I really appreciate your time and valuable inputs!
My issues while using Champ Bioconductor package:
Champ norm: I use TCGA data. When I run the champ.norm() on the data, every time I receive slightly different results. Especially, the fluctuation occurs at the third decimal point in all the beta values. I have noticed in the champ.BMIQ.R that a seed has been set to handle stochasticity. For my work, each decimal value plays a CRITICAL role.
For example:
myNorm1 = champ.norm(beta=myLoad$beta, method='BMIQ', arraytype='450K', cores=3, plotBMIQ = F)
myNorm2 = champ.norm(beta=myLoad$beta, method='BMIQ', arraytype='450K', cores=3, plotBMIQ = F)
myNorm1[1:5,1:5]
TCGA_1 TCGA_2 TCGA_3 TCGA_4 TCGA_5
cg00000162 0.2643464 0.5335578 0.1599576 0.5421202 0.2332971
cg00000238 0.9594341 0.9419697 0.9427666 0.9645310 0.9741122
cg00000287 0.7669794 0.6908586 0.6977587 0.7625313 0.6476096
cg00000296 0.7634344 0.7214260 0.7810275 0.5577281 0.8955270
cg00000325 0.3659023 0.5190070 0.3785389 0.5751796 0.3450515
myNorm2[1:5,1:5]
TCGA_1 TCGA_2 TCGA_3 TCGA_4 TCGA_5
cg00000162 0.2660004 0.5389914 0.1662706 0.5479737 0.2283009
cg00000238 0.9588291 0.9421513 0.9434506 0.9641600 0.9721813
cg00000287 0.7656797 0.6941988 0.7018092 0.7685632 0.6427196
cg00000296 0.7621554 0.7243594 0.7847278 0.5635942 0.8907006
cg00000325 0.3669594 0.5246343 0.3839324 0.5810598 0.3400840
Would taking a mean of myNorm1 and myNorm2 be appropriate? I am not sure of the confidence interval values for average beta values when running multiple times.
Champ.combat(): After SVD, I identified, gender and ethnicity as batch effects to be corrected.

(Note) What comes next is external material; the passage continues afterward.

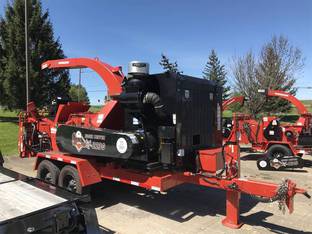 2022 Morbark EEGER BEEVER 2230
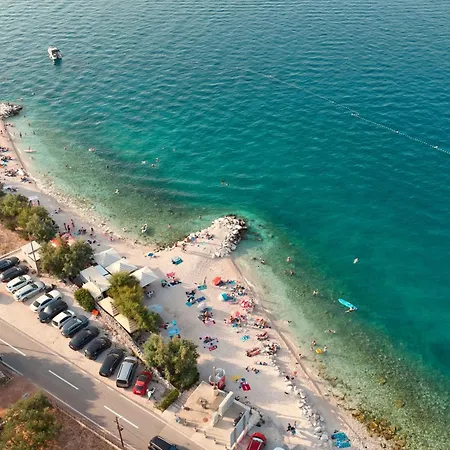 By The Sea Slatine, Ciovo - 27947 Apartmán Trogir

However, when I combine all three and run combat from Champ package, I get the following error:
Error in while (change > conv) { : missing value where TRUE/FALSE needed.
myCombat = champ.runCombat(beta=myNorm,
pd=myLoad$pd,
batchname =c('gender', 'ethnicity'),
logitTrans = T,
variablename = "DefLabel"
)
Comined factors fails. However, I am able to correct for “Gender alone” using the following:
mod_1<- model.matrix(~DefLabel, data=myLoad$pd)
bat_2<- ComBat(dat=myNorm, myLoad$pd$gender, mod_1, par.prior=TRUE, prior.plots=FALSE)
champ.SVD(bat_2, myLoad$pd))
I have checked for NAs in metadata and Normalized data. All came out to be zero. Hence, I am unable to resolve this issue either.
var.data.col<- (apply(myNorm, 2, var))
var.data.row<- (apply(myNorm, 1, var))
which(rowVars(myNorm) ==0 )
whichis.na(myNorm))
lengthwhichis.na(metadata$ethnicity)) =="TRUE") =0
lengthwhichis.na(metadata$gender)) =="TRUE") =0
lengthwhichis.na(metadata$race)) =="TRUE") =0
sessioninfo():
R version 3.6.3 (2020-02-29)
Platform: x86_64-apple-darwin15.6.0 (64-bit)
Running under: macOS Catalina 10.15.3
ChAMP_2.16.2
minfi_1.32.0
Kindly let me know your thoughts on the above issues. Thanks for your time.